Bronchial breath sounds are loud and long during inspiration and expiration, and there is no gap between the two (Ford et al, 2005). They can be heard when lung tissue is solid but airways are patent. Bronchial breath sounds are difficult to describe, but can be mimicked by putting the tip of the tongue on the roof of the mouth and breathing in and out through the mouth (Epstein et al, 2003).
Additional breath sounds
There are three other types of breath sound:
- Wheezes (rhonchi): high-pitched musical sounds associated with air being forced through narrowed airways, for example in asthma (Ford et al, 2005), and usually more pronounced on expiration. Inspiratory wheeze (stridor) usually indicates severe upper airway obstruction, such as a foreign body or laryngealoedema. If inspiratory and expiratory wheezes are heard, this is usually due to excessive airway secretions (Adam and Osborne, 2005).
- Crackles (crepitations): non-musical sounds, associated with a reopening of a collapsed airway, for example in pulmonary oedema (Ford et al, 2005). They are usually localised in pneumonia and mild bronchiectasis. In pulmonary oedema and fibrosing alveolitis, both lungs are equally affected (Epstein et al, 2003).
- Pleural friction rub: leathery/creaking sounds during inspiration and expiration, evident when normally smooth pleural surfaces are roughened and rub on each other (Adam and Osborne, 2005).
Vocal resonance reflects changes in lung density and patency, facilitating diagnosis (Ford et al, 2005). It can be assessed by asking the patient to say ‘ninety-nine, ninety-nine’ while auscultating. Sounds will be muffled over a normal lung, but clearly audible over a consolidated lung because transmission is better through a solid lung (Talley and O’Connor, 2001).
- Explain the procedure and, ensuring privacy and dignity, expose the chest.
- Ask the patient to breathe in and out normally through their mouth.
- Use diaphragm of stethoscope (Fig 1).
- Anterior chest: auscultate from side to side (Figs 2 and 3) and top to bottom.
- Auscultate over equivalent areas and compare the volume and character of the sounds and note any additional sounds.
- Compare sounds during inspiration and expiration and note location and quality.
- Posterior chest: repeat procedure (Figs 4 and 5).
- Assess vocal resonance.

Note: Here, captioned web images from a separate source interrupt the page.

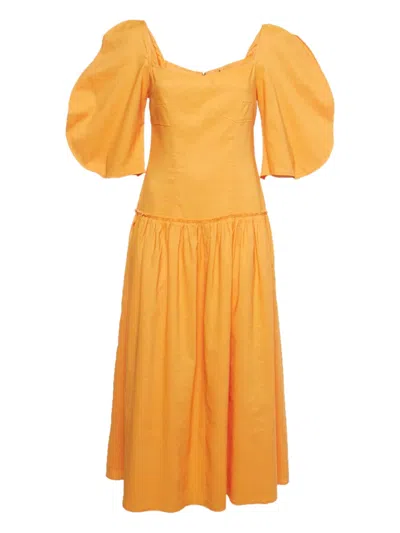 Pre-owned Rejina Pyo Louisa Puff-sleeve Maxi Dress In Orange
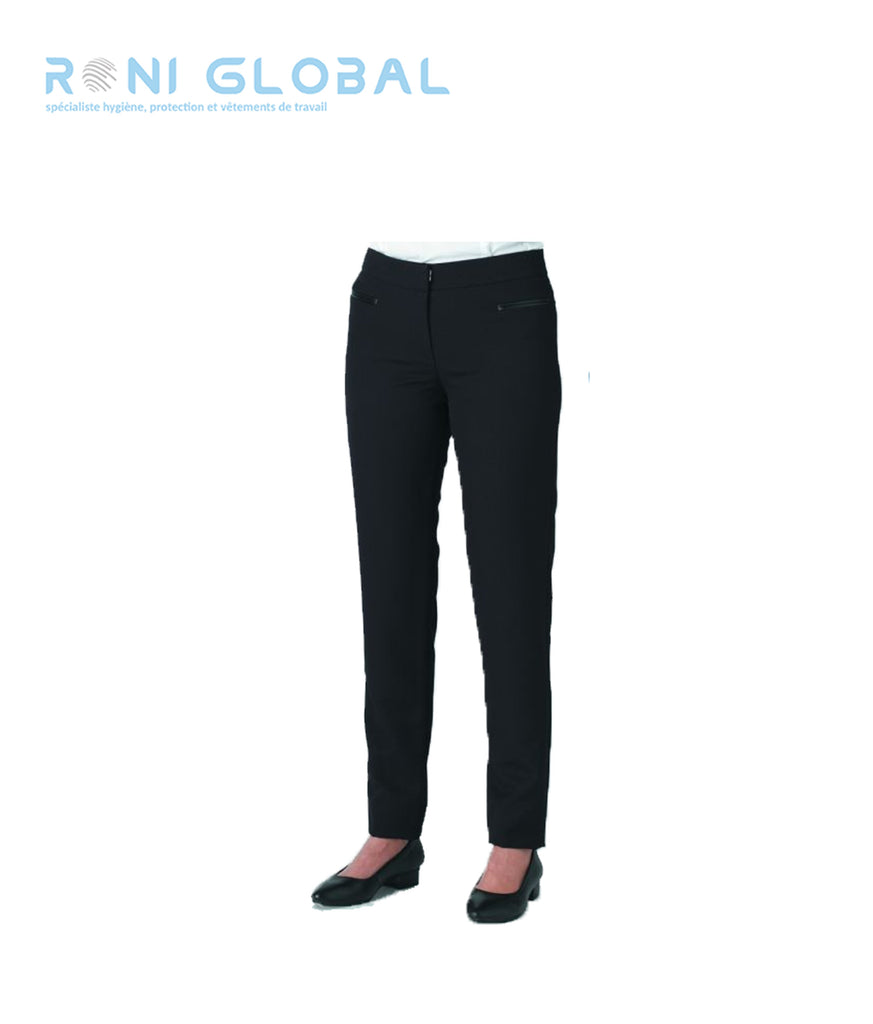 Pantalon de travail noir femme en polyester coupe slim 2 poches - ARÔME ROBUR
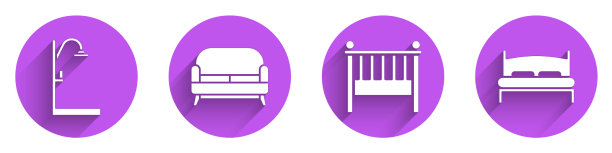 设置淋浴沙发、倒钩摇篮床和大床图片下载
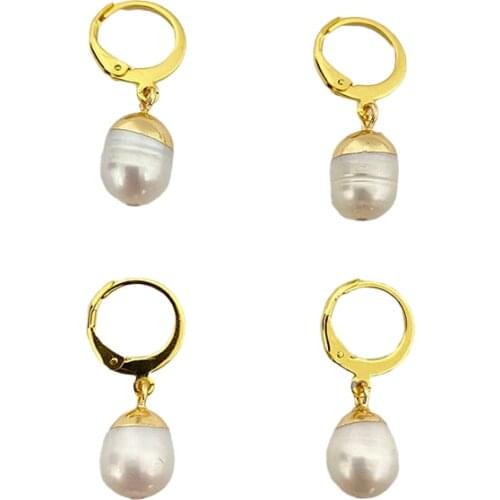 Handpicked AAA+ Quality Freshwater Cultured Pearls Earrings Leverback Dangle Hook Earring French Style Ivory Color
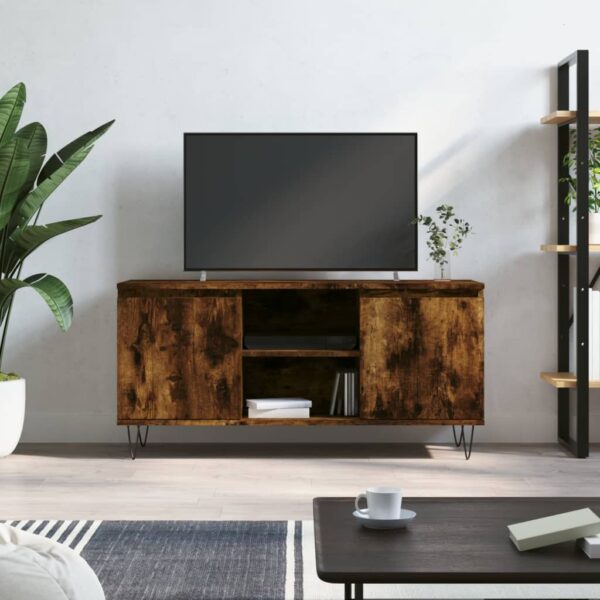 Comodă TV, stejar fumuriu, 104x35x50 cm, lemn compozit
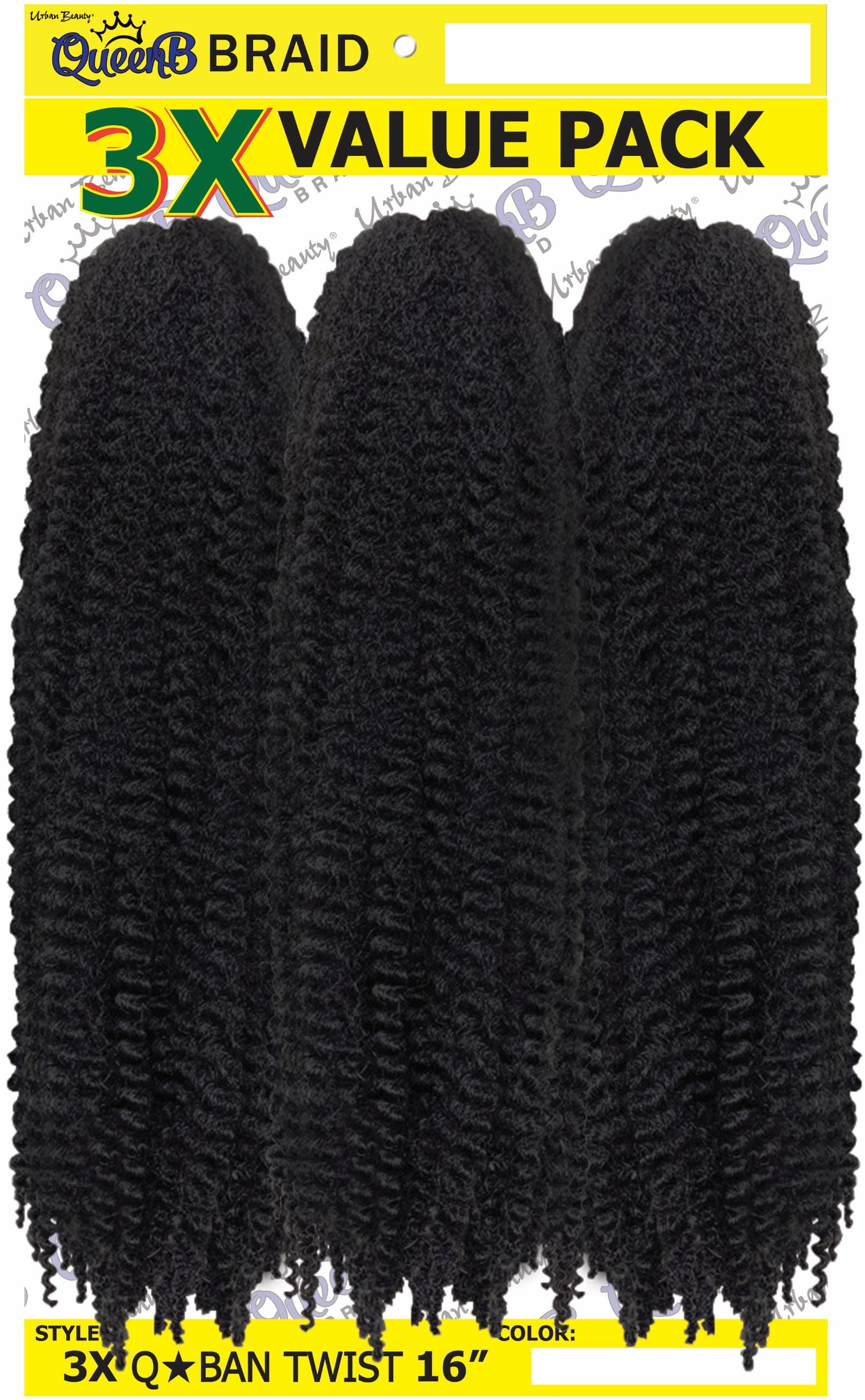 Sacred Scrubs Sleek Queen B Qban Loc N Twist Braid Hair 3X Pack, 16 Inch, #1B, Adult, Female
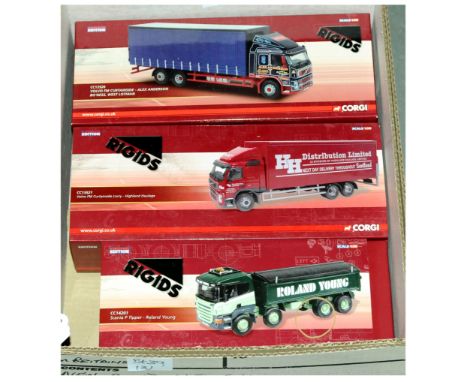 Corgi a boxed 1/50th scale group (Rigids Series) comprising of CC14201 Scania P Tipper "Roland Young" with numbered certifica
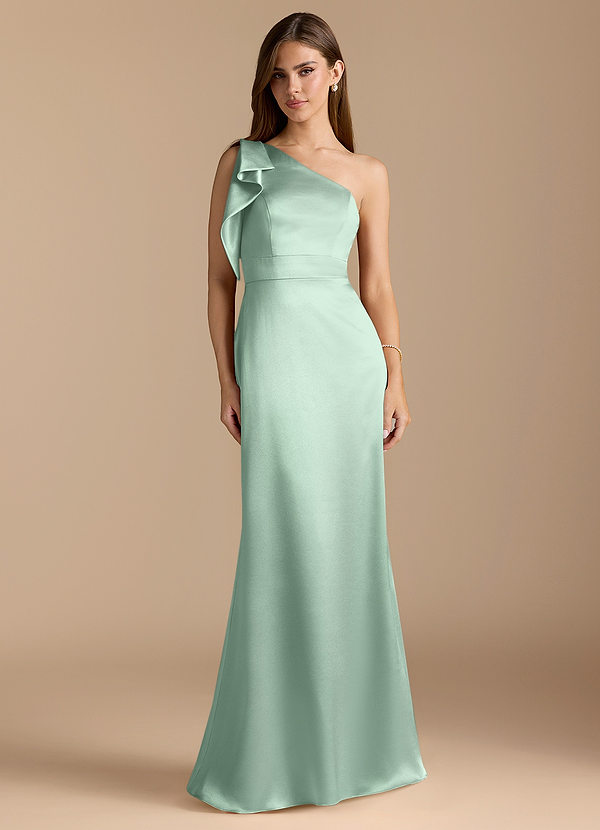 Azazie Rinna Bridesmaid Dresses Agave Mermaid Ruched Metallic Satin Dress image1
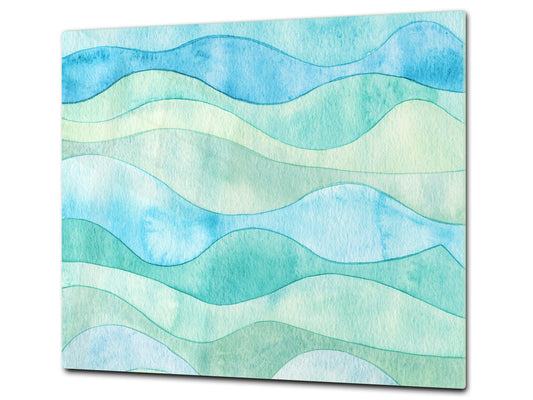 UNIQUE Tempered GLASS Kitchen Board –Scratch Resistant Glass Cutting Board – MEASURES: SINGLE: 60 x 52 cm (23,62” x 20,47”); DOUBLE: 30 x 52 cm (11,81” x 20,47”); D35 Art Series : Watercolour waves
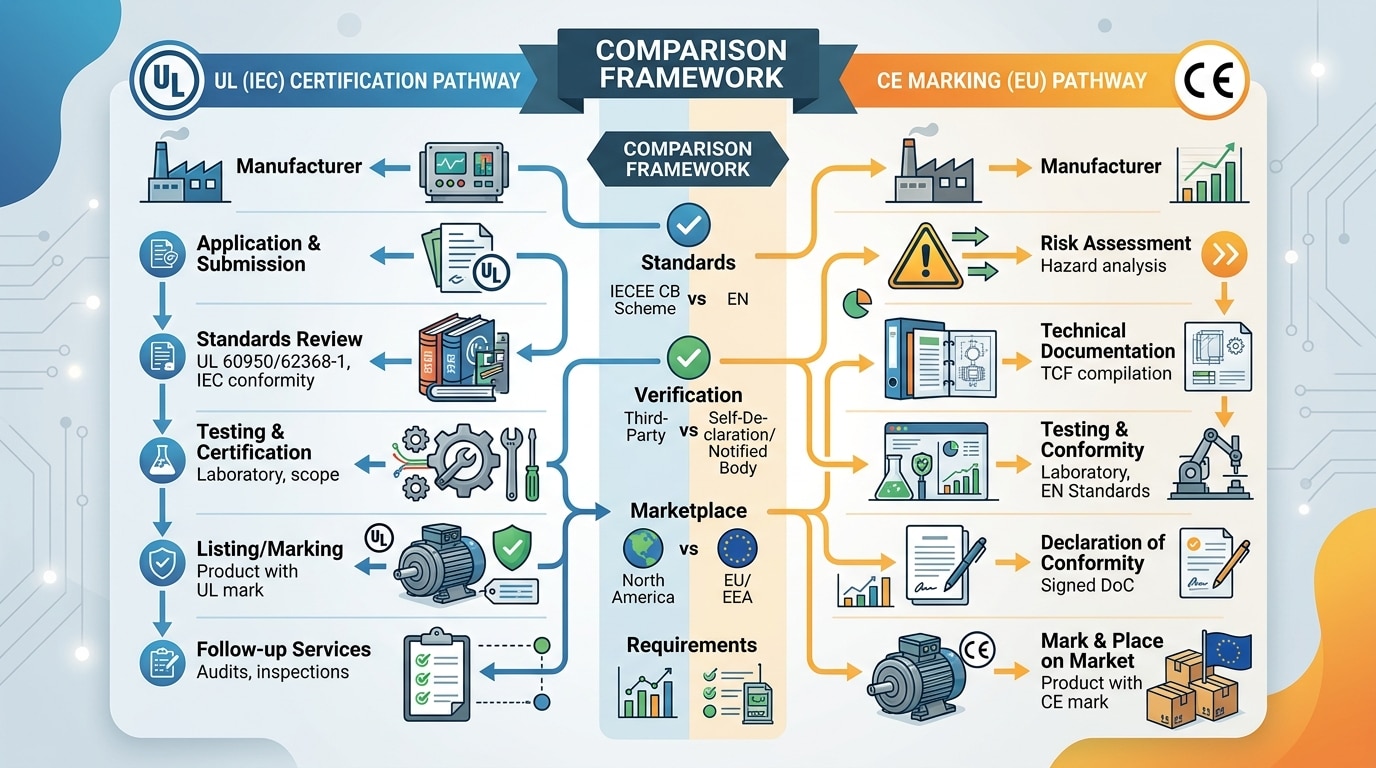 Visual comparison of UL IEC and CE circuit breaker certification pathways showing different requirements and timelines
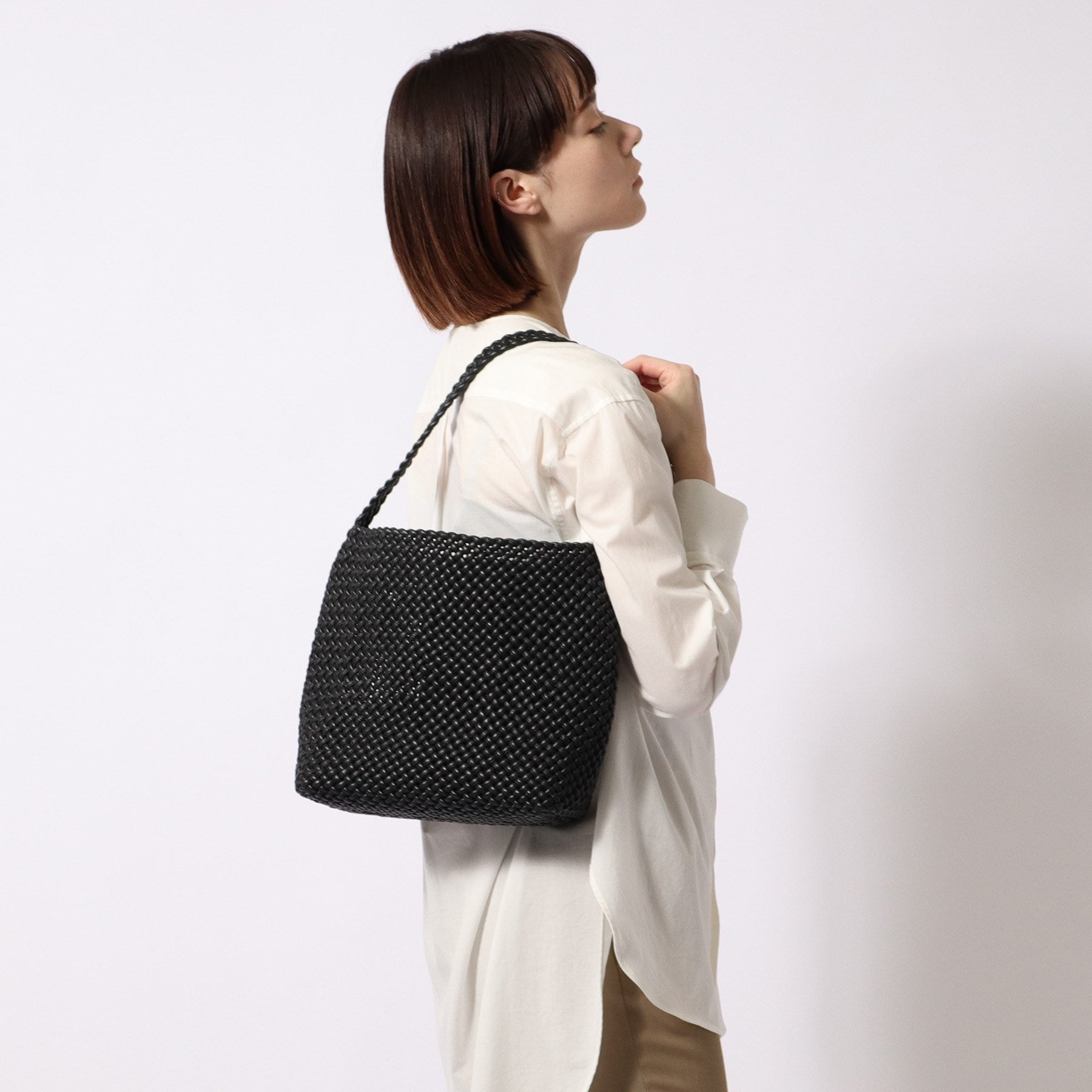 ヒロフ HIROFU 【ブレッツァナッパレース】レザーメッシュショルダーバッグ S 本革 (フレンチブルー) フレンチブルー(493)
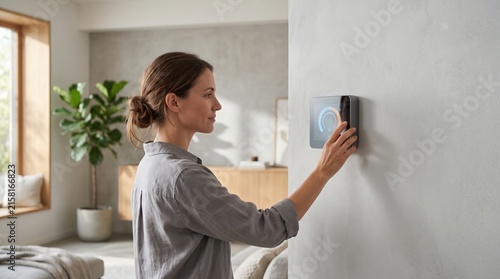 Woman adjusting a digital wall-mounted smart thermostat with a glowing circular interface in a bright, minimalist living room interior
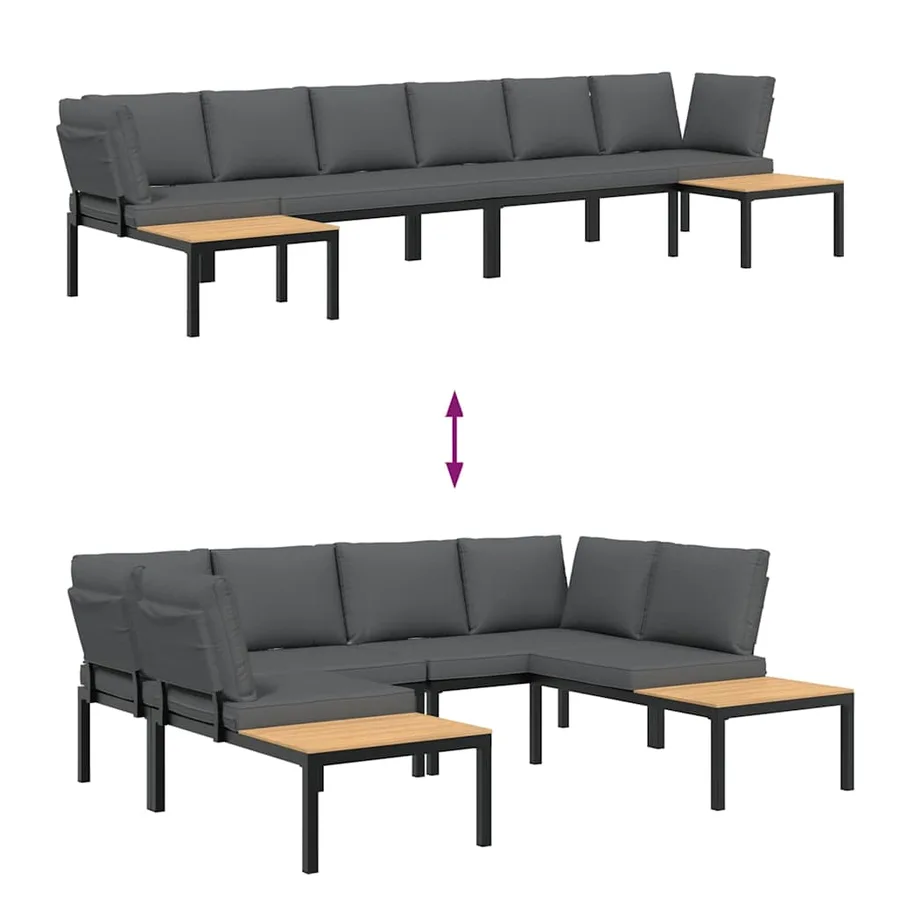 Salon de jardin 4 pcs avec coussins noir aluminium - 5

Ask the patient to say ‘ninety-nine, ninety-nine’ and compare the sounds at equivalent positions on each side of the chest (Ford et al, 2005).
- Document findings and report as required.
This procedure should be undertaken only after approved training, supervised practice and competency assessment, and carried out in accordance with local policies and protocols.
Adam, S., Osborne, S. (2005) Critical Care Nursing Science and Practice. Oxford: Oxford University Press.
Epstein, O., Perkin, G., Cookson, J., de Bono, D. (2003) Clinical Examination. London: Mosby.
Ford, M., Hennessey, I., Japp, A. (2005) Introduction to Clinical Examination. Oxford: Elsevier.
McFerran, T., Martin, E. (2003) Mini-Dictionary for Nurses. Oxford: Oxford University Press.
Talley, N., O’Connor, S. (2001) Clinical Examination: a Systemic Guide to Physical Diagnosis. Oxford: Blackwell Science.